▶ _About this exercise_
Restate word for word all of the lines below, with each image left out.

▶ _Data provided_
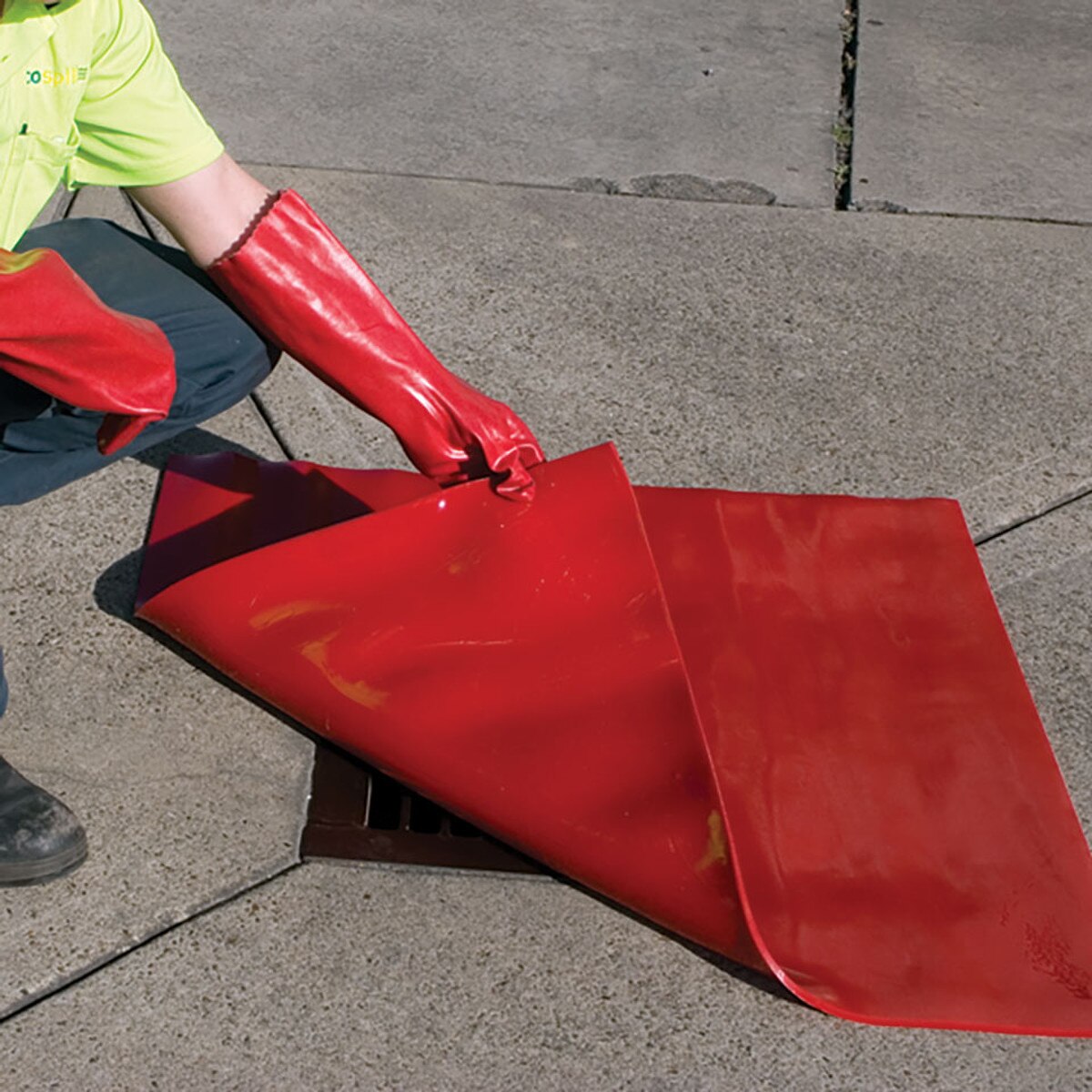 PDS1200-5 | Portable Drain Seal 1200 | Stormwater protection | Drain Protection | protecting drains from spills | environmental safety | Ecospill Brisbane Sydney Melbourne Perth Adelaide Canberra Nor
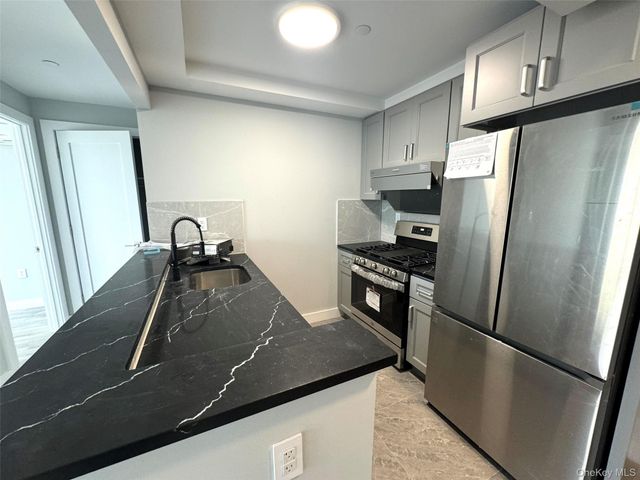20-22 College point Boulevard 3B, Flushing, NY 11356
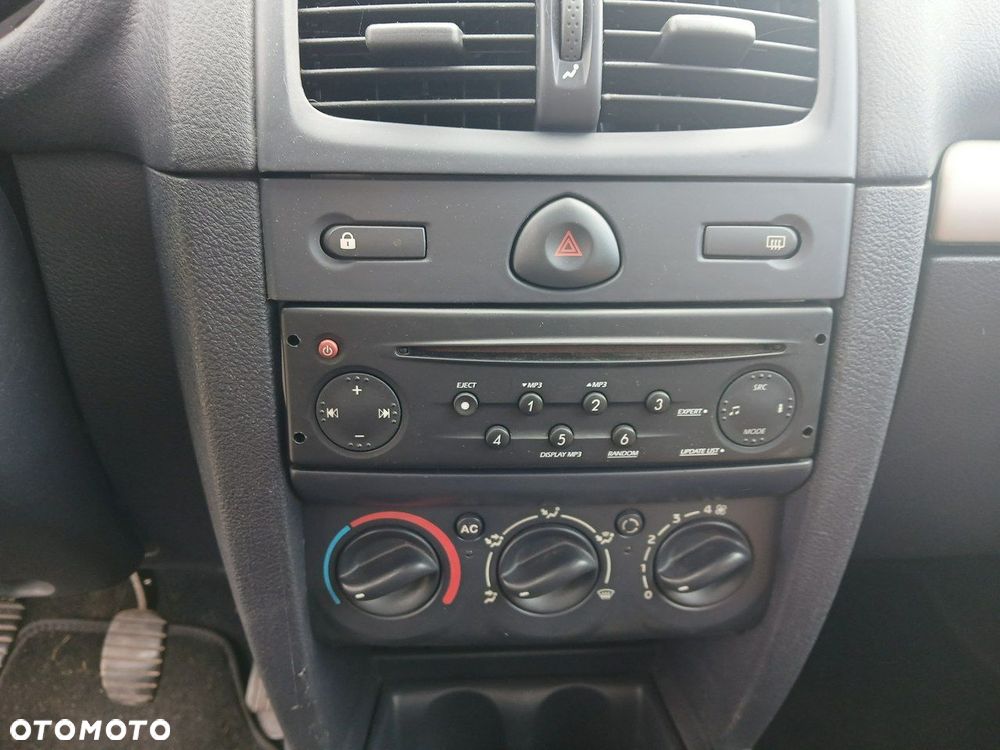 Renault Clio 1.2 16V Alize - 11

▶ _Solved exercise_
 PDS1200-5 | Portable Drain Seal 1200 | Stormwater protection | Drain Protection | protecting drains from spills | environmental safety | Ecospill Brisbane Sydney Melbourne Perth Adelaide Canberra Nor
20-22 College point Boulevard 3B, Flushing, NY 11356
 Renault Clio 1.2 16V Alize - 11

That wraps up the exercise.